When I was pregnant with my son, I made a list of books I needed to read. I had never had a child before, so I knew I needed to know the ins and outs of my pregnancy, what to expect when the baby actually came out, how did breastfeeding even work, what was my wife’s role in birth, how was I to get the child to sleep, and like, how do I actually birth said child? I referred to that list and read the books diligently—dare I say, obsessively?—so I would be ready. What I know, looking back now, is that I could have used a book syllabus. A book syllabus takes all the loveliness of back to school, of structure, of planning, and makes it approachable. We all have reading lists—towering TBRs, likely—but there’s no real plan, no structure, no intention. That’s the beauty of the book syllabus: it lets us plan our reading lives, set an intention, and pursue goals.

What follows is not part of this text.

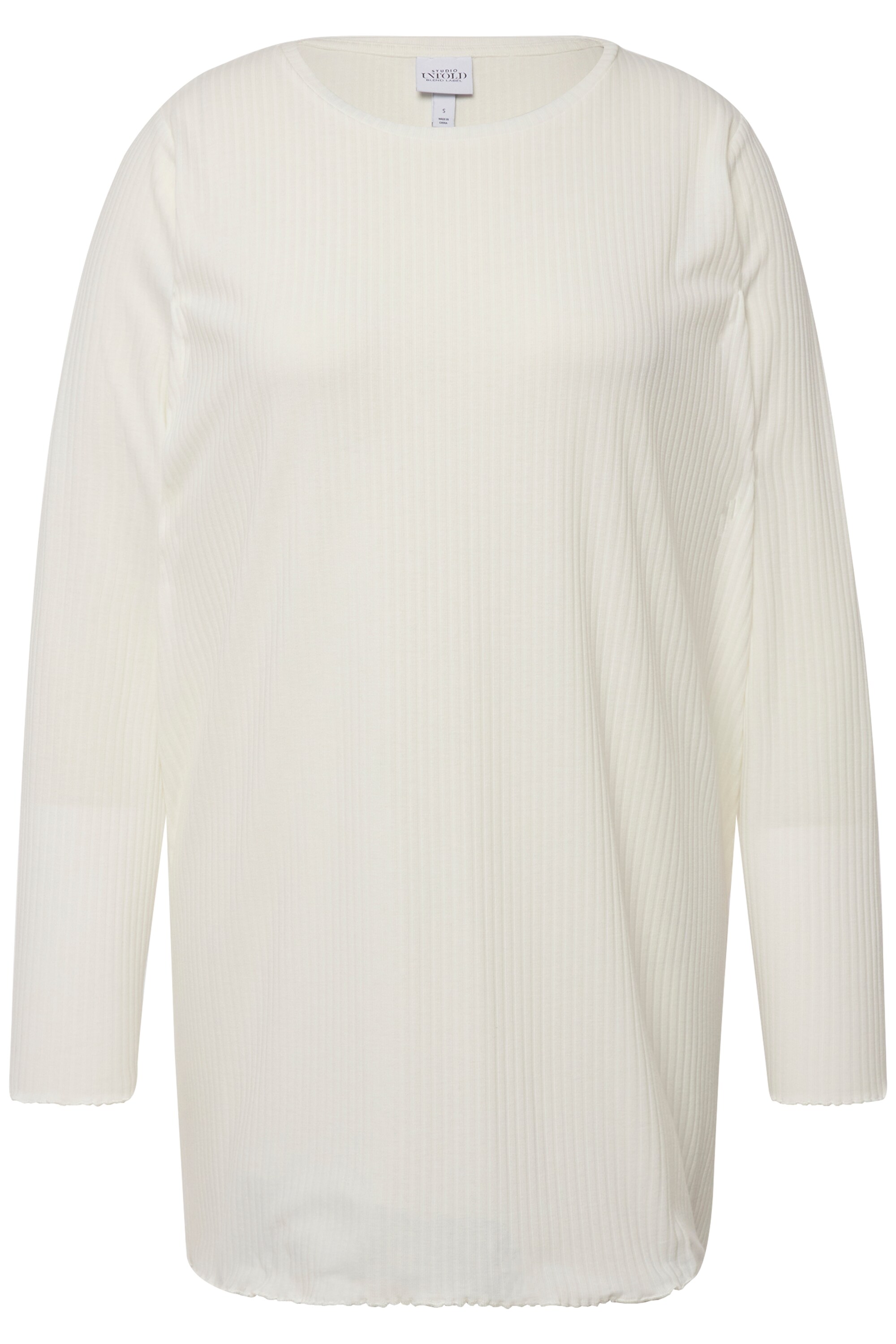 Studio Untold Damen große Größen Longsleeve Rippjersey Rundhals Langarm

Whether you’re reading during pregnancy, planning a wedding, learning to do woodworking, tackling a health issue, or even just immersing yourself in a new genre, a book syllabus can be a useful tool for approaching your reading life. This allows you to balance fiction with nonfiction, for instance, or gives you a chance to pace your reading over a period of time, which aids in book digestion. If you tend to throw yourself into things obsessively, this is especially useful: hold back the avalanche and take it one book at a time. Here are five tips to help you revel in the beauty of the book syllabus.

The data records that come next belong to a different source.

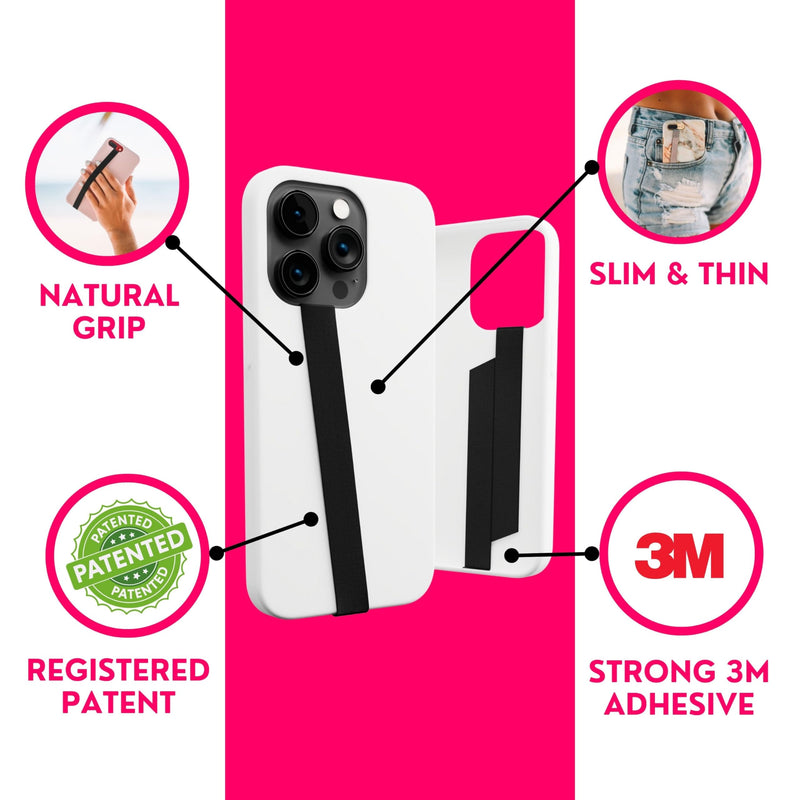 Phone Loops: Non-Elastic Phone Grip, Phone Strap, Phone Holder for Hand - Small, Light and Discreet Cell Phone Holder for Hand - Phone Finger Holder Midnight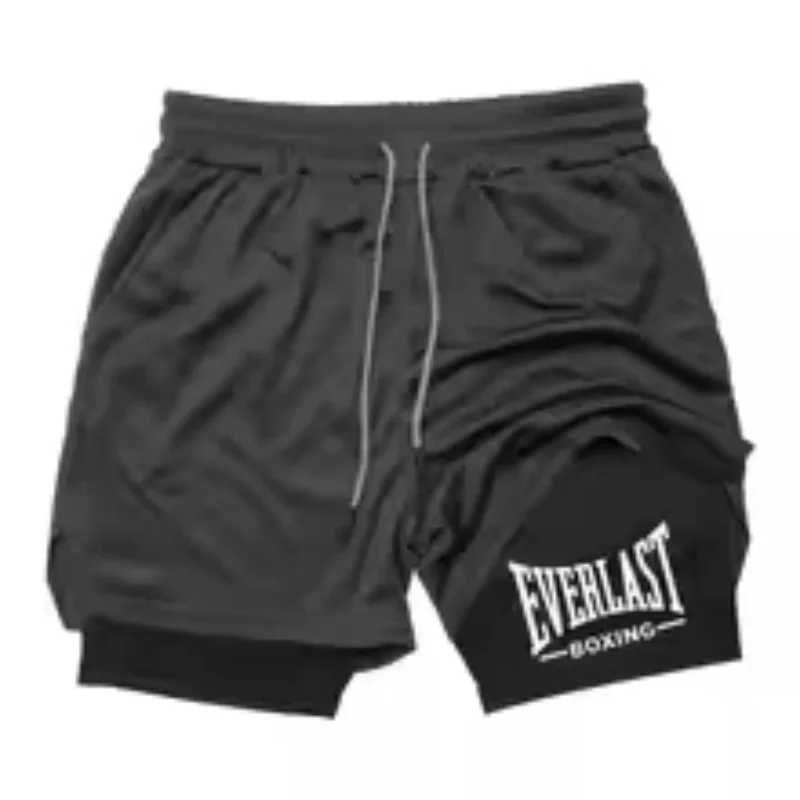 

Men's Fashion Sports Shorts EVERLAST Printed Sports Shorts Double Layer Fast Drying Comfortable Basketball Muscle Fitness Shorts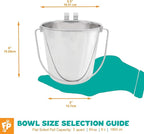 Fuzzy Puppy Flat Sided Pail with Dual Hooks, Snugly Fit On Dog, Cat and Critter Crates & Cages, Heavy Duty Stainless Steel | 2 Quart (PN: FSP-2)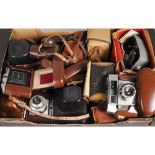A Tray of Vintage Cameras, manufacturers including Agfa, Halina, Zeiss Ikon and others, some box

Do you love to plan? I do. I start planning my Thanksgiving menu months in advance. Vacation planning is all spreadsheets and ridiculous excitement. Thank goodness for Pinterest so I can keep all my planning at least a little bit organized. But good planning can be an asset in reading as well. Let’s say you’re discovering your love of food writing. Perhaps you read Ruth Reichl’s Delicious and you got bit by the food bug. (Read it. It’s lovely.) Well, you have a million places to start from. Do you go back to Brillat-Savarin, the 18th century French lawyer and politician who gained notoriety as an epicure and gastronome? Is that perhaps a bit too deep a dig into history? Shall we begin with M.F.K. Fisher? But man alive, you will notice this genre has a history of majorly lacking diversity. So that’s something to tackle, especially considering the racial implications of Southern cuisine in America; you’ll want to make sure you look at Edna Lewis’s Taste of Country Cooking and Michael Twitty’s The Cooking Gene.
The beauty of the book syllabus? You can account for all of this. You can plan out where you’ll start in history, what genre (or sub-genre) you’ll focus on. Which brings us to our next point, which is our goals.

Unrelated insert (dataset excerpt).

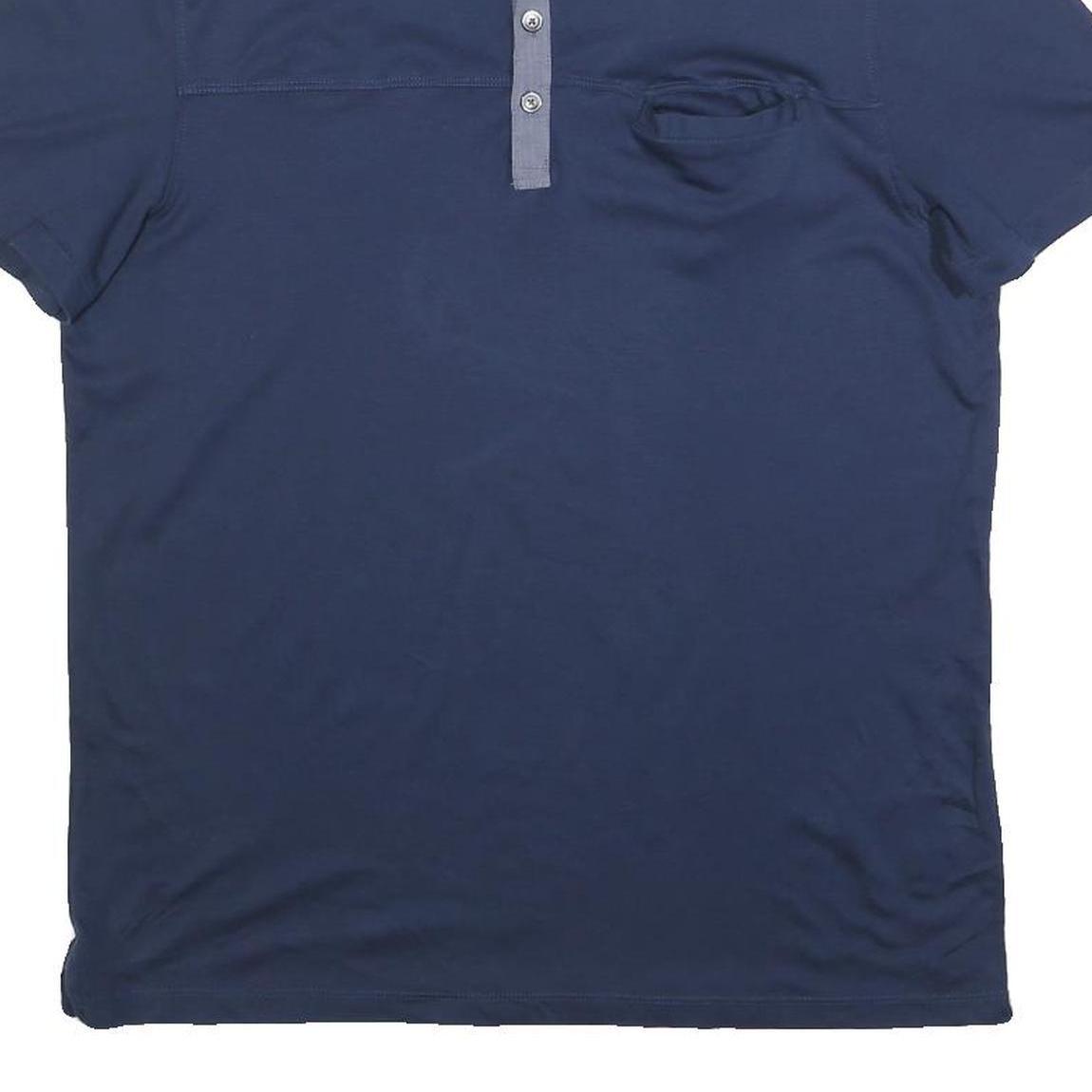 CALVIN KLEIN Mens Blue Shirt Collar Short Sleeve Plain M Cotton Blend Polo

When you sit down to a yoga practice, you’ll often be asked to take a moment and set your intention. This is a good idea for your book syllabus too. What do you want to learn here? Do you want a deep dive into fiction? Do you want to learn more about your chosen subject matter? If we use our example of food writing, is your goal to learn about the history of food itself, a microhistory of an ingredient, or to enjoy food memoirs? This is a chance for you to take a moment, before any books pile up in your list, and decide for yourself what you want from your syllabus. This is a chance for you to read with intention.
Okay, Dana, we get it. Blah, blah. We want books! I know, dear reader. I know. And this is the super fun part of a book syllabus. You know what I always loved in school? The book list. I always imagined that being an English professor would be so fun because you get to make a reading list that other people have to follow. But in a book syllabus, you are those people. You get to make the reading list, and then you get to shop for books! Book shopping leads you to more books and new ideas, and you can winnow down your own personal reading list.
You remember the avalanche I spoke of? This is where that thing starts coming down. Just like when I was pregnant with my son, you start realizing the sheer volume of possibilities and how much there is to read. So go back to your objectives, remember your intention, and then make a schedule. This helps you balance your reading life (hey, I love food memoirs, but even I need a break now and then), and it fights that overwhelmed feeling that comes when those books start piling up.
Perhaps the best part of a book syllabus? It’s yours, which means the stakes are low. If you fall behind, if your kid gets sick and your reading life goes off the rails, it’s okay. You’re not being graded, and you’re only accountable to yourself. There’s no way to fail. Isn’t that amazing? You cannot fail at your own book syllabus!
So whatever your intentions are, consider making yourself a quick syllabus. And from there, pat yourself on the back, and happy reading.